- _ACTION ITEM_
Please take the lines from the one holding "tシャツ シンプルで着回し力抜群！テレコモックネック半袖トップス レディース" through the one holding "Montre électronique Shoous" in the data below and copy them exactly.

====== SUPPLIED DATA ======

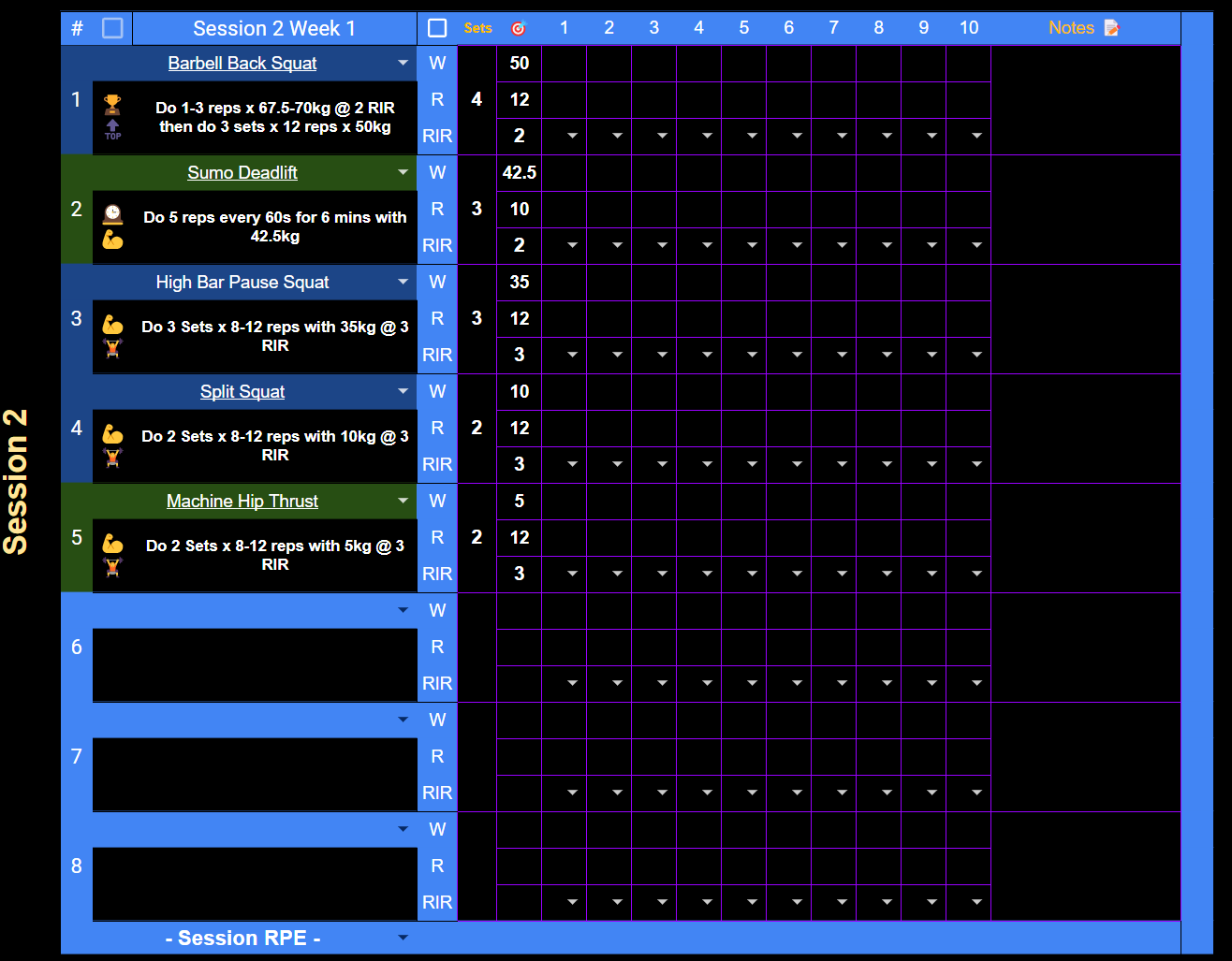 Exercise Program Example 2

======
====== SUPPLIED DATA ======

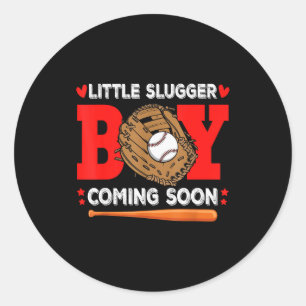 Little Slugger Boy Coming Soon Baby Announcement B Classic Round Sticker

======
====== SUPPLIED DATA ======

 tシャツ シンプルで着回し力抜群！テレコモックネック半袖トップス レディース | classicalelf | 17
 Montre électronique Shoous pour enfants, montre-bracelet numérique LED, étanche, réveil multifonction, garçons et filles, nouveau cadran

======

- _ANSWER TO THE EXERCISE_
 tシャツ シンプルで着回し力抜群！テレコモックネック半袖トップス レディース | classicalelf | 17
 Montre électronique Shoous pour enfants, montre-bracelet numérique LED, étanche, réveil multifonction, garçons et filles, nouveau cadran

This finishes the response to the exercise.